En mai prochain, le président Hollande visitera Haïti
Bloc-Notes
Publié le 2015-04-13 | Le Nouvelliste
Ce ne sera pas, dit-on, une visite par défaut ni un simple retour de politesse au président Martelly. Mais une action politique dont la portée ne voudra pas être que symbolique, l’acte fondateur de quelque chose de nouveau, de plus humain et efficace dans la relation entre les deux pays.
L’occasion peut-être de penser ce qu’ici la France n’a pas su faire, dire ni entendre. L’occasion d’exprimer la volonté de réparer, au moins au sens de corriger, mieux faire.

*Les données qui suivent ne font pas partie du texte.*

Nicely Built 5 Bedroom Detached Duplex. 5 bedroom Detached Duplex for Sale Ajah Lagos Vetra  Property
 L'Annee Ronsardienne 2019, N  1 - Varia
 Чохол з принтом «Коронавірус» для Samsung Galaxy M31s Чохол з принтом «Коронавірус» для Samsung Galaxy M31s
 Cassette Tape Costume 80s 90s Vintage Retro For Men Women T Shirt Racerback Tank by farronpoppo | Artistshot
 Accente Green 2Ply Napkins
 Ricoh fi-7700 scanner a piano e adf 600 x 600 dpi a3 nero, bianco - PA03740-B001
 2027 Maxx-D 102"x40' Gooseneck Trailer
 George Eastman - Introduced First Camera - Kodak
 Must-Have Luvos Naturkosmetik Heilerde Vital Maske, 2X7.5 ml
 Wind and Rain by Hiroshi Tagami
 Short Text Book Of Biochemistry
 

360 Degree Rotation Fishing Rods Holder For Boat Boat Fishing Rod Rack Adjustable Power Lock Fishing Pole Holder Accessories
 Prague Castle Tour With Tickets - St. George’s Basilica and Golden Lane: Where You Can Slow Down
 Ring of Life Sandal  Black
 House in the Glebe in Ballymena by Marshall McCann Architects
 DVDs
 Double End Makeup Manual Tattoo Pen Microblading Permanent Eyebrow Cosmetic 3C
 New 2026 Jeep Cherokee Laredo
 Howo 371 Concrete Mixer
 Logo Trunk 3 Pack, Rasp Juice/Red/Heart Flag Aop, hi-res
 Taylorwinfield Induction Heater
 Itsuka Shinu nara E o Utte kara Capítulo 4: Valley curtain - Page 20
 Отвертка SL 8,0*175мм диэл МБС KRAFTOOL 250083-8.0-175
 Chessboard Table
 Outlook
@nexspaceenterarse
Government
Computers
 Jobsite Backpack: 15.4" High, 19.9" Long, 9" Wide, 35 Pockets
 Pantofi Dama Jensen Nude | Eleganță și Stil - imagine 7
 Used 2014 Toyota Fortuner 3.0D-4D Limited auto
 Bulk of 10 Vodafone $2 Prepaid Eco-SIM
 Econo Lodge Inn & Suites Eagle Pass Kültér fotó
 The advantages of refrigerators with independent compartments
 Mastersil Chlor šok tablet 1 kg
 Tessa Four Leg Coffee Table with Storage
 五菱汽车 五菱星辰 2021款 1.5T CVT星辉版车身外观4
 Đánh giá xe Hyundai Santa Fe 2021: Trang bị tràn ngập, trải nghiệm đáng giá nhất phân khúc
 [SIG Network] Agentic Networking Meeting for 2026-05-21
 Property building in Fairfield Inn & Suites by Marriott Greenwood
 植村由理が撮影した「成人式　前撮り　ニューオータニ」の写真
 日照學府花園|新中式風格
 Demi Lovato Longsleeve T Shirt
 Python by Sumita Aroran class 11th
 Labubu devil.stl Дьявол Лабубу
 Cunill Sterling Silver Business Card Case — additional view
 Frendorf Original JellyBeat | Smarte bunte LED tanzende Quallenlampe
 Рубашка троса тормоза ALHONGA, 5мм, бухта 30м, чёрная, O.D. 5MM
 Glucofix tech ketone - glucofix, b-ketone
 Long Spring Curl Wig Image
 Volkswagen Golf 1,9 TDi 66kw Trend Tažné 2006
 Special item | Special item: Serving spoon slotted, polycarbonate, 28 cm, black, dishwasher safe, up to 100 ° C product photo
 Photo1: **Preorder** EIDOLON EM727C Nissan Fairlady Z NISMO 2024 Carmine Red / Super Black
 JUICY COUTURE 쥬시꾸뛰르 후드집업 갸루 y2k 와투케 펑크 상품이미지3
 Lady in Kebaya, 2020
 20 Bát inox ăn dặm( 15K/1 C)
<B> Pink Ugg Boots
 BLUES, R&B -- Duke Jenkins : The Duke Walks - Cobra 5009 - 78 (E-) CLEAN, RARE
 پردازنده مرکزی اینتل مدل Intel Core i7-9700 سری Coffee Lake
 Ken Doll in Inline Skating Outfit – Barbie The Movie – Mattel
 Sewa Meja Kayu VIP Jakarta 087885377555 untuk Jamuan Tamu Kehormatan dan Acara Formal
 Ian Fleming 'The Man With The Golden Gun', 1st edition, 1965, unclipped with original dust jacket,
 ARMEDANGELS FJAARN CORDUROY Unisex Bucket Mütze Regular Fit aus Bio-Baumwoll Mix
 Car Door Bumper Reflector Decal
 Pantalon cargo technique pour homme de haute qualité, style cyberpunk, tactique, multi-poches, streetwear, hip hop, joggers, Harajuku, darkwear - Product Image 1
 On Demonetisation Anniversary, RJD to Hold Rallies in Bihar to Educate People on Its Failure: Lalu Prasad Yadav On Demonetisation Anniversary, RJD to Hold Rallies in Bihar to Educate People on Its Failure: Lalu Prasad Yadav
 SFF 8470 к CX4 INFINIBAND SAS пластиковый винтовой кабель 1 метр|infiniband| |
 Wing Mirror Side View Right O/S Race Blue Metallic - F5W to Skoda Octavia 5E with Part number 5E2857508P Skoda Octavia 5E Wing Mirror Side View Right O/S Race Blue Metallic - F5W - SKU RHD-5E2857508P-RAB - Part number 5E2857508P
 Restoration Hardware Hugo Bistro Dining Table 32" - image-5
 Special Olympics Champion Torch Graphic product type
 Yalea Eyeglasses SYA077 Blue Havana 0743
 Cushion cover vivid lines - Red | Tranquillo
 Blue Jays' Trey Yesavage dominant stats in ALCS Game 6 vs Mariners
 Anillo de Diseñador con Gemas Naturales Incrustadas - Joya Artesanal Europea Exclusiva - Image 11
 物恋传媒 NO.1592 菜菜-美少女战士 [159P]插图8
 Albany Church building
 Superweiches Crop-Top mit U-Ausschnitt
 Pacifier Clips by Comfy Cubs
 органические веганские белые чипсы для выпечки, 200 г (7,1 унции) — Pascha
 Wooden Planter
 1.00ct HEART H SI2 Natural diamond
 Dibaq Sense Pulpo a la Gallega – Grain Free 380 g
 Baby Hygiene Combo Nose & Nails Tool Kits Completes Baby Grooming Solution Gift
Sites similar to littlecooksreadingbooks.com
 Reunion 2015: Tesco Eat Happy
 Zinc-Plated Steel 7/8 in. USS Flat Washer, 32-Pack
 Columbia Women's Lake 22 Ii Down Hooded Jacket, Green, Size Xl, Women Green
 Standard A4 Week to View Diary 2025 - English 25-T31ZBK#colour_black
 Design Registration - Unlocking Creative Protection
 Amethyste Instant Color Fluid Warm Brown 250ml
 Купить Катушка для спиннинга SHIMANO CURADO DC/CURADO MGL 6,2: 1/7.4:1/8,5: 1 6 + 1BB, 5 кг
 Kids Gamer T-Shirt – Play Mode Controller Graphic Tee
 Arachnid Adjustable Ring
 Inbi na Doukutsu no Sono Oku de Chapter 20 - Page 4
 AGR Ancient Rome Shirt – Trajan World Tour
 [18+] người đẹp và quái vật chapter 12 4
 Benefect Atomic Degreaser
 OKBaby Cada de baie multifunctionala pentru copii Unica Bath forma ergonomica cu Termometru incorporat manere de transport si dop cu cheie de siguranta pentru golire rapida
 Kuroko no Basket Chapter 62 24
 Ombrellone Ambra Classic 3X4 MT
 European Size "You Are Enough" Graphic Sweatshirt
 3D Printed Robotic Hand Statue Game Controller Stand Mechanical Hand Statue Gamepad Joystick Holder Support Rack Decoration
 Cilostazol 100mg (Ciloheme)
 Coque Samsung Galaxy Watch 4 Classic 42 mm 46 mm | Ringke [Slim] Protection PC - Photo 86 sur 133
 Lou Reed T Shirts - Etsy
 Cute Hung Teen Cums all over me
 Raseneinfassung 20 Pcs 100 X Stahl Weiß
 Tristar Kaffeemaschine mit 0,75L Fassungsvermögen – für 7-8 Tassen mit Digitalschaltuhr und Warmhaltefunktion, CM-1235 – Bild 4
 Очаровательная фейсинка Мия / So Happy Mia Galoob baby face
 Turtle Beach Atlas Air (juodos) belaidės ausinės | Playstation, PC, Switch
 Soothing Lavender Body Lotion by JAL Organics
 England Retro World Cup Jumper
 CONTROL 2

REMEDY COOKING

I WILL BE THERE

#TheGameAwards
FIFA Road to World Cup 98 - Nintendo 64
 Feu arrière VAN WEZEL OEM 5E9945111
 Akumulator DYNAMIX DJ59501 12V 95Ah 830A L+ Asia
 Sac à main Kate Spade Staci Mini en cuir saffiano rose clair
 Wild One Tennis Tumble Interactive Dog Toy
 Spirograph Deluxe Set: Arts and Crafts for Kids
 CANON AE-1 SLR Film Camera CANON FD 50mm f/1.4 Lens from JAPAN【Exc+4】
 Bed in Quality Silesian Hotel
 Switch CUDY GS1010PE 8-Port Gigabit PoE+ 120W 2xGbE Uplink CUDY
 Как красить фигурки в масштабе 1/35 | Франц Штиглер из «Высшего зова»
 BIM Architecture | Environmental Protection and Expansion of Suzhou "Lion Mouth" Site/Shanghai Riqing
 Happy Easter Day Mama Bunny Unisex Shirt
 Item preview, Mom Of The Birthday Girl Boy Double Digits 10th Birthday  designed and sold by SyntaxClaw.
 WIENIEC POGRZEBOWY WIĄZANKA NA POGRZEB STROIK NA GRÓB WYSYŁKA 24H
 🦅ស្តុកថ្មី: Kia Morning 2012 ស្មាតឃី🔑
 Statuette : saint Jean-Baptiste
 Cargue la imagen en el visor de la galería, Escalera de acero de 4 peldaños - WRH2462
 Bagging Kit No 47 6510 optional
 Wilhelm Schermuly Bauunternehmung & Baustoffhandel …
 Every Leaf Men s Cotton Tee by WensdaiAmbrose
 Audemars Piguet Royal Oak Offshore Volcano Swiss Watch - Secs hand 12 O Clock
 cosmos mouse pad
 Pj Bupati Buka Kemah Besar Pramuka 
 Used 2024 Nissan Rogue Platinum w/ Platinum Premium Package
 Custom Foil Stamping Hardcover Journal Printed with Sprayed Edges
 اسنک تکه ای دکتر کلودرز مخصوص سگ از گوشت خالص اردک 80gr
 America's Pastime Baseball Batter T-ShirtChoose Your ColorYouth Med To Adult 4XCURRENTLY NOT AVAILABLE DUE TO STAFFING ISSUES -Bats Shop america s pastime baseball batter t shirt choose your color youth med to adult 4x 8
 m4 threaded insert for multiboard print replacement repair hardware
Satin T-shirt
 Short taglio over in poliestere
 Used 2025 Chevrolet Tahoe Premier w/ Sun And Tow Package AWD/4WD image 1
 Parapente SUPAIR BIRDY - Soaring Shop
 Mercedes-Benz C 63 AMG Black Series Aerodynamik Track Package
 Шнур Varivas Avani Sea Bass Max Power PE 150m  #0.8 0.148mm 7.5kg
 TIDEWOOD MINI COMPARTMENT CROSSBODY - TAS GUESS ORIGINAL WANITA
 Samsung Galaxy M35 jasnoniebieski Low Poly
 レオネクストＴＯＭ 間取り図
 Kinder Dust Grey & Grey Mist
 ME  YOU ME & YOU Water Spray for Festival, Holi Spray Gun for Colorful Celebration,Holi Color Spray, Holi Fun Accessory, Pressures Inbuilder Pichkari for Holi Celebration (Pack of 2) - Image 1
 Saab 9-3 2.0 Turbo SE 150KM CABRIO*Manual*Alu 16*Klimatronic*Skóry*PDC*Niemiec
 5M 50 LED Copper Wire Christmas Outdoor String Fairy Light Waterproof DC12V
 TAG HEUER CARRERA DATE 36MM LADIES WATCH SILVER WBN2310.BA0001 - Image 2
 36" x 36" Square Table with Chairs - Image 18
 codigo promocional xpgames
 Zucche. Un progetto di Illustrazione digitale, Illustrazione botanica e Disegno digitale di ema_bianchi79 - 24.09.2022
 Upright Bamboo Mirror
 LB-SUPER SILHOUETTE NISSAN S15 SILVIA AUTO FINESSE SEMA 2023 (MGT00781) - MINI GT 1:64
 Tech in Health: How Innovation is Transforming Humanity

Déjà, sur le passé colonial, reconnaître pour crime ce qui ne fut qu’un crime. Ne plus adopter l’oubli comme stratégie d’autodéfense. Ne plus chercher de justification à la barbarie coloniale. La reconnaître comme telle. Car comment peut-on demander à celui qui a souffert de banaliser sa propre souffrance et lui proposer des liens d’amitié ? L’amitié n’est possible que dans la pleine reconnaissance de ses torts, ce qui permet enfin de parler d’autre chose.
Le traitement de la figure de Jean-Jacques Dessalines, fondateur de l’Etat haïtien, dans l’historiographie française, marqué par le silence ou l’injure, témoigne de cette difficulté de comprendre Haïti. La France a joué Toussaint contre Dessalines. L’un est devenu un général français, figure acceptable, inscrite au panthéon. L’autre n’est pas reconnu pour ce qu’il fut, l’un des premiers dirigeants de l’Amérique postcoloniale et le symbole de la rupture avec l’inacceptable. Nier Dessalines ou le banaliser, c’est nier et banaliser la naissance d’Haïti elle-même. Faire la sourde oreille à la spécificité haïtienne, ou écorcher les oreilles des Haïtiens.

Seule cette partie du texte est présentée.